Cushion (n.): The person who is (knowingly or unknowingly) brought along to make a stressful situation less tense and awkward with their presence alone.
How it’s used in the show: Jessa brings Hannah with her to visit her estranged dad and his girlfriend, Petula. Upon arriving, Petula says to Hannah, “I was so nervous about seeing Jessa because I know she hates me, and she hasn’t seen her dad in so long. So I prayed, and here I manifested the solution – you. You’re the cushion.” To this, Hannah replies, “Are you sure I’m the cushion? I’ve never done it before but I’m definitely up for it.” Although the interactions between Jessa and her father are already tense in the episode, Hannah provided some relief for Jessa and divided her attention effectively.

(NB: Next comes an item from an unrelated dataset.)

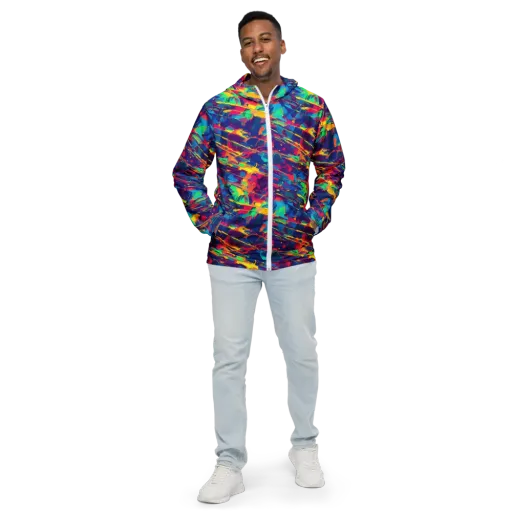 Spectrum Streaks on a Men's Windbreaker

Most of us are guilty of subjecting our friends to the role of cushion at some point or another, whether we do it consciously or not. After watching this week’s episode of Girls, we found ourselves wondering: just how kosher is a cushion? Is it okay to rely on a third party to ease social tensions, or is that considered immature? Maybe cushions are okay in particular situations, but best used sparingly. As the case of Girls shows, the cushion is a godsend. There are certain times when we wish the cushion gods would answer our prayers, and there are others when we really shouldn’t be praying at all.